● Information supplied:
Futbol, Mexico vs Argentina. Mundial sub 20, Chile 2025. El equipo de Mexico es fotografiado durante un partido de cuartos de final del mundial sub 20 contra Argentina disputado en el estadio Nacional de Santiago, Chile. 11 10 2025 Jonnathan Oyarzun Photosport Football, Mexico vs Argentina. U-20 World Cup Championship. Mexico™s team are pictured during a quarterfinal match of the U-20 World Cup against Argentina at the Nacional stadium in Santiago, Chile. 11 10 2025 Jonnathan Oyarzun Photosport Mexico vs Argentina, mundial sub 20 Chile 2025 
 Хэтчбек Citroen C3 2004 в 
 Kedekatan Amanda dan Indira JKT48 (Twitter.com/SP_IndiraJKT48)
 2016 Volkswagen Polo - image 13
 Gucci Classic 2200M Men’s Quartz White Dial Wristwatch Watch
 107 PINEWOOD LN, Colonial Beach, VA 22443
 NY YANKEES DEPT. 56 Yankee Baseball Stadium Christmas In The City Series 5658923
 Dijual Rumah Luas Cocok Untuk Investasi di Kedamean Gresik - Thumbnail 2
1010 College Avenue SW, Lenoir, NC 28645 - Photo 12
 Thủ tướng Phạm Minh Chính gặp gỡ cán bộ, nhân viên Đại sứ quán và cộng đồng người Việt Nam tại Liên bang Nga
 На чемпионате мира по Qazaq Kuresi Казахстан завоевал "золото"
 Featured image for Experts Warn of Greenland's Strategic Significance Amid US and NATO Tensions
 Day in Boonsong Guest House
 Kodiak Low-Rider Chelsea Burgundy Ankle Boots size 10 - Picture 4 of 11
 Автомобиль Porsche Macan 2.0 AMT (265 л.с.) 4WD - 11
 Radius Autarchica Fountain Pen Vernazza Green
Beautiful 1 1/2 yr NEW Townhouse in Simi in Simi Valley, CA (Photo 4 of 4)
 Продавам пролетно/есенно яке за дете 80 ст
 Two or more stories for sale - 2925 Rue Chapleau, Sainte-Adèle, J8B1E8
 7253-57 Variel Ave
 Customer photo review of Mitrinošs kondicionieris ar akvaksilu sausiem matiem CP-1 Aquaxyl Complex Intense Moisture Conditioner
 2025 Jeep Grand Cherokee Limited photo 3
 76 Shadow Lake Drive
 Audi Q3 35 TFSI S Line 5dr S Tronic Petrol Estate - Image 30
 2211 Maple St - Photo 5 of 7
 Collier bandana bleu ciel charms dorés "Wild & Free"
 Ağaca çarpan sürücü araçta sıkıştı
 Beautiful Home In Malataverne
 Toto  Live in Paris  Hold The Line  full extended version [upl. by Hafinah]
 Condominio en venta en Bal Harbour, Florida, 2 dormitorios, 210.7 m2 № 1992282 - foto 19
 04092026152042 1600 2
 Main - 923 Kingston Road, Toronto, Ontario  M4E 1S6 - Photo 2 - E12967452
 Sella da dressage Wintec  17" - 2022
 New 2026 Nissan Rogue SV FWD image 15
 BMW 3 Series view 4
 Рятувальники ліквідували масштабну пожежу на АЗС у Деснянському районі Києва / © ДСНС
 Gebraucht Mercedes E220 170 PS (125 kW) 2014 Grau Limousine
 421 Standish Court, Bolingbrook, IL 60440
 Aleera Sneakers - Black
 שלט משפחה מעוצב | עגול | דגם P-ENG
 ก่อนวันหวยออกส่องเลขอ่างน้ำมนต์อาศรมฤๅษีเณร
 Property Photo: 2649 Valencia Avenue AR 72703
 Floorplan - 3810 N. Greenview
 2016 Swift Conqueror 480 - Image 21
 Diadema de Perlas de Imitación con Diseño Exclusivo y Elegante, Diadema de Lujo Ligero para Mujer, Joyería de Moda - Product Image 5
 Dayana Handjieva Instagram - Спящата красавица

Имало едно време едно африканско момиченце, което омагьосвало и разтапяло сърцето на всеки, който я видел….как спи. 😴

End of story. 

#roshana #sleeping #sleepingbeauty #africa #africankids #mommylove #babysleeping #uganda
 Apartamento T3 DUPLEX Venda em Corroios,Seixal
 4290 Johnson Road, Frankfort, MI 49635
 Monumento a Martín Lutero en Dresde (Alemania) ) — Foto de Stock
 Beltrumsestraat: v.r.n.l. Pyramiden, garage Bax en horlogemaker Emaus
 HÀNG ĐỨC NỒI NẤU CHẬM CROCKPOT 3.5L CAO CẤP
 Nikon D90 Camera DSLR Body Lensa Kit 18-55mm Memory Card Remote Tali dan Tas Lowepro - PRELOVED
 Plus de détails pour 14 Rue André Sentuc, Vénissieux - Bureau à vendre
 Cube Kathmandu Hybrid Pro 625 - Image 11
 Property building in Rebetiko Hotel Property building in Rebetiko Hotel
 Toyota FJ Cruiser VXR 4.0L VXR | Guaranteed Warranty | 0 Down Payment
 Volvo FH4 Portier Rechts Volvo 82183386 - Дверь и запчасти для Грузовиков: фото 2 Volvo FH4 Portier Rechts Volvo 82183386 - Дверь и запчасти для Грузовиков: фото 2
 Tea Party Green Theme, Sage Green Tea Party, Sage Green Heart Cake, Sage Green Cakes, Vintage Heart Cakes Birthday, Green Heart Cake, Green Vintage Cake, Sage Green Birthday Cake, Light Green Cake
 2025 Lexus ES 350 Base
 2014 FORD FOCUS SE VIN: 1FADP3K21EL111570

● What is required: Restate the records exactly. Leave nothing out.

● Result:
Futbol, Mexico vs Argentina. Mundial sub 20, Chile 2025. El equipo de Mexico es fotografiado durante un partido de cuartos de final del mundial sub 20 contra Argentina disputado en el estadio Nacional de Santiago, Chile. 11 10 2025 Jonnathan Oyarzun Photosport Football, Mexico vs Argentina. U-20 World Cup Championship. Mexico™s team are pictured during a quarterfinal match of the U-20 World Cup against Argentina at the Nacional stadium in Santiago, Chile. 11 10 2025 Jonnathan Oyarzun Photosport Mexico vs Argentina, mundial sub 20 Chile 2025 
 Хэтчбек Citroen C3 2004 в 
 Kedekatan Amanda dan Indira JKT48 (Twitter.com/SP_IndiraJKT48)
 2016 Volkswagen Polo - image 13
 Gucci Classic 2200M Men’s Quartz White Dial Wristwatch Watch
 107 PINEWOOD LN, Colonial Beach, VA 22443
 NY YANKEES DEPT. 56 Yankee Baseball Stadium Christmas In The City Series 5658923
 Dijual Rumah Luas Cocok Untuk Investasi di Kedamean Gresik - Thumbnail 2
1010 College Avenue SW, Lenoir, NC 28645 - Photo 12
 Thủ tướng Phạm Minh Chính gặp gỡ cán bộ, nhân viên Đại sứ quán và cộng đồng người Việt Nam tại Liên bang Nga
 На чемпионате мира по Qazaq Kuresi Казахстан завоевал "золото"
 Featured image for Experts Warn of Greenland's Strategic Significance Amid US and NATO Tensions
 Day in Boonsong Guest House
 Kodiak Low-Rider Chelsea Burgundy Ankle Boots size 10 - Picture 4 of 11
 Автомобиль Porsche Macan 2.0 AMT (265 л.с.) 4WD - 11
 Radius Autarchica Fountain Pen Vernazza Green
Beautiful 1 1/2 yr NEW Townhouse in Simi in Simi Valley, CA (Photo 4 of 4)
 Продавам пролетно/есенно яке за дете 80 ст
 Two or more stories for sale - 2925 Rue Chapleau, Sainte-Adèle, J8B1E8
 7253-57 Variel Ave
 Customer photo review of Mitrinošs kondicionieris ar akvaksilu sausiem matiem CP-1 Aquaxyl Complex Intense Moisture Conditioner
 2025 Jeep Grand Cherokee Limited photo 3
 76 Shadow Lake Drive
 Audi Q3 35 TFSI S Line 5dr S Tronic Petrol Estate - Image 30
 2211 Maple St - Photo 5 of 7
 Collier bandana bleu ciel charms dorés "Wild & Free"
 Ağaca çarpan sürücü araçta sıkıştı
 Beautiful Home In Malataverne
 Toto  Live in Paris  Hold The Line  full extended version [upl. by Hafinah]
 Condominio en venta en Bal Harbour, Florida, 2 dormitorios, 210.7 m2 № 1992282 - foto 19
 04092026152042 1600 2
 Main - 923 Kingston Road, Toronto, Ontario  M4E 1S6 - Photo 2 - E12967452
 Sella da dressage Wintec  17" - 2022
 New 2026 Nissan Rogue SV FWD image 15
 BMW 3 Series view 4
 Рятувальники ліквідували масштабну пожежу на АЗС у Деснянському районі Києва / © ДСНС
 Gebraucht Mercedes E220 170 PS (125 kW) 2014 Grau Limousine
 421 Standish Court, Bolingbrook, IL 60440
 Aleera Sneakers - Black
 שלט משפחה מעוצב | עגול | דגם P-ENG
 ก่อนวันหวยออกส่องเลขอ่างน้ำมนต์อาศรมฤๅษีเณร
 Property Photo: 2649 Valencia Avenue AR 72703
 Floorplan - 3810 N. Greenview
 2016 Swift Conqueror 480 - Image 21
 Diadema de Perlas de Imitación con Diseño Exclusivo y Elegante, Diadema de Lujo Ligero para Mujer, Joyería de Moda - Product Image 5
 Dayana Handjieva Instagram - Спящата красавица

Имало едно време едно африканско момиченце, което омагьосвало и разтапяло сърцето на всеки, който я видел….как спи. 😴

End of story. 

#roshana #sleeping #sleepingbeauty #africa #africankids #mommylove #babysleeping #uganda
 Apartamento T3 DUPLEX Venda em Corroios,Seixal
 4290 Johnson Road, Frankfort, MI 49635
 Monumento a Martín Lutero en Dresde (Alemania) ) — Foto de Stock
 Beltrumsestraat: v.r.n.l. Pyramiden, garage Bax en horlogemaker Emaus
 HÀNG ĐỨC NỒI NẤU CHẬM CROCKPOT 3.5L CAO CẤP
 Nikon D90 Camera DSLR Body Lensa Kit 18-55mm Memory Card Remote Tali dan Tas Lowepro - PRELOVED
 Plus de détails pour 14 Rue André Sentuc, Vénissieux - Bureau à vendre
 Cube Kathmandu Hybrid Pro 625 - Image 11
 Property building in Rebetiko Hotel Property building in Rebetiko Hotel
 Toyota FJ Cruiser VXR 4.0L VXR | Guaranteed Warranty | 0 Down Payment
 Volvo FH4 Portier Rechts Volvo 82183386 - Дверь и запчасти для Грузовиков: фото 2 Volvo FH4 Portier Rechts Volvo 82183386 - Дверь и запчасти для Грузовиков: фото 2
 Tea Party Green Theme, Sage Green Tea Party, Sage Green Heart Cake, Sage Green Cakes, Vintage Heart Cakes Birthday, Green Heart Cake, Green Vintage Cake, Sage Green Birthday Cake, Light Green Cake
 2025 Lexus ES 350 Base
 2014 FORD FOCUS SE VIN: 1FADP3K21EL111570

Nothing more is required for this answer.